[Task item]
Leaving out the images, reproduce every line of the data that follows exactly.

[Given material]
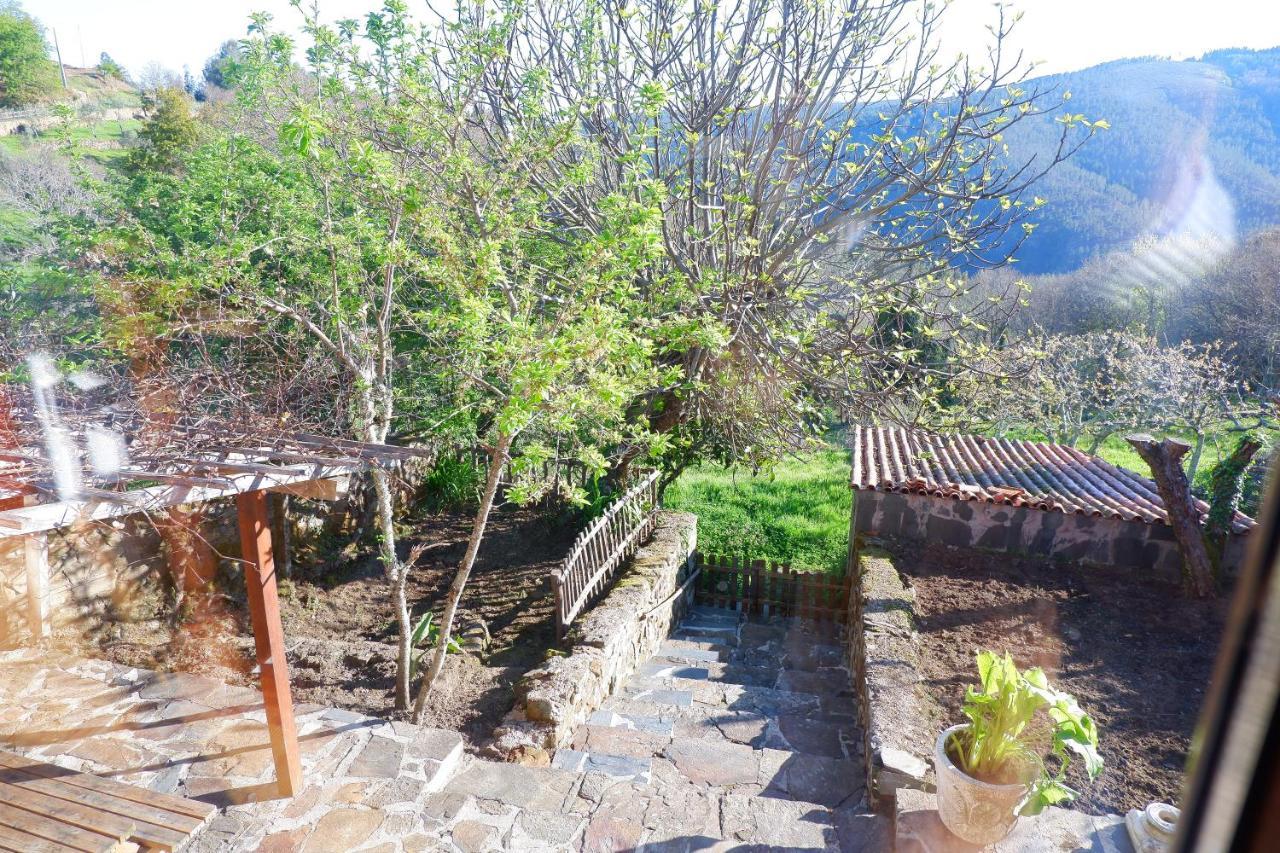 Retiro de Gondramaz - Casa Inteira com 208m2, Pátio privado Vila Exterior foto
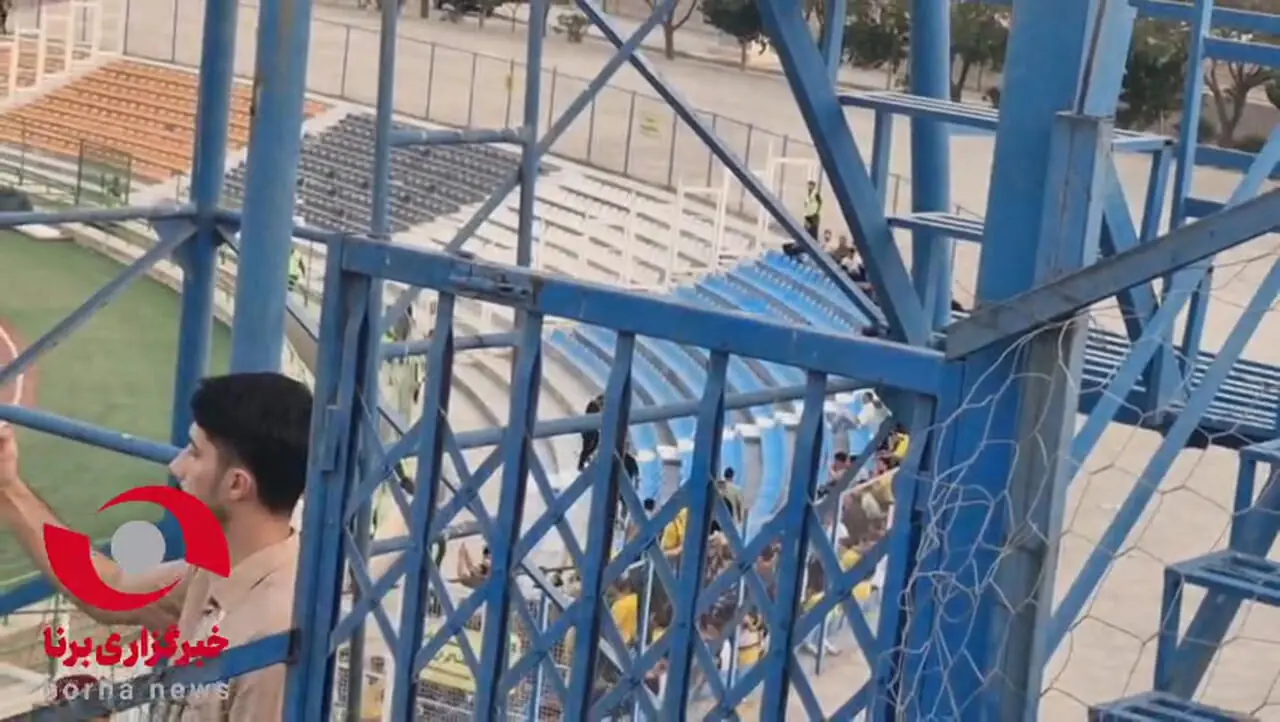 رابطهی دوستانه بین هواداران استقلال و سپاهان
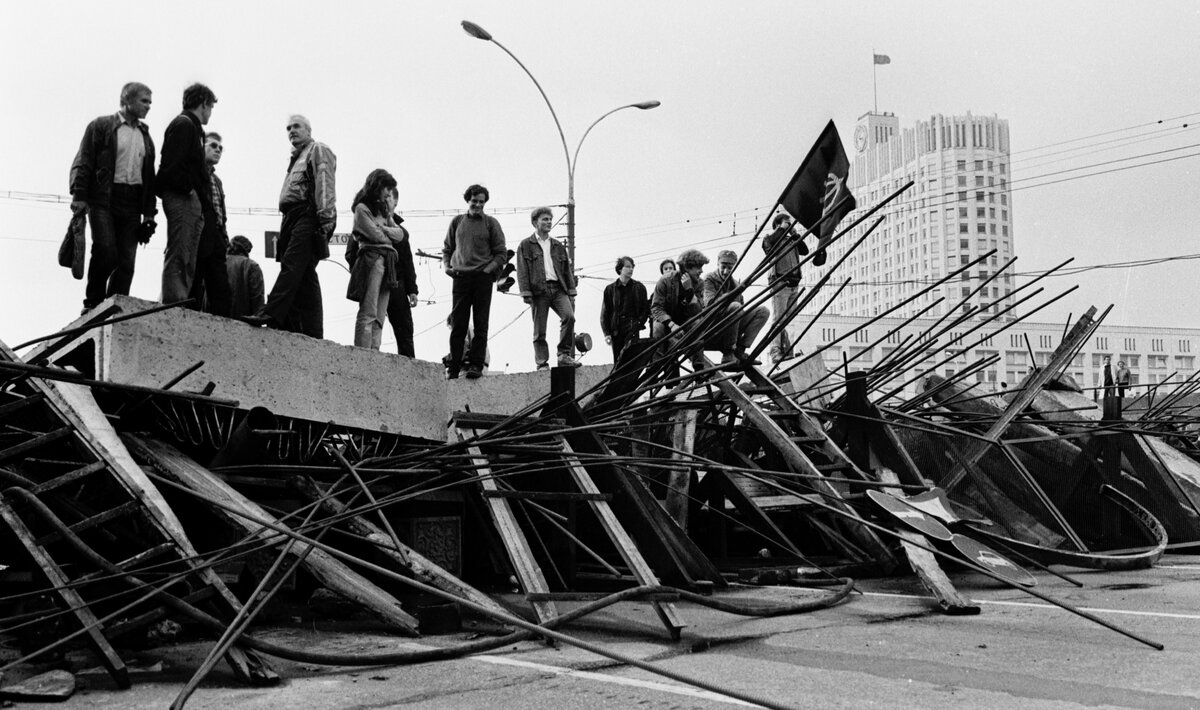 Люди стоят на баррикадах перед Белым домом в Москве, 21 августа 1991 года. Alexander Nemenov / AFP / Getty Images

[Response below]
 Retiro de Gondramaz - Casa Inteira com 208m2, Pátio privado Vila Exterior foto
 رابطهی دوستانه بین هواداران استقلال و سپاهان
 Люди стоят на баррикадах перед Белым домом в Москве, 21 августа 1991 года. Alexander Nemenov / AFP / Getty Images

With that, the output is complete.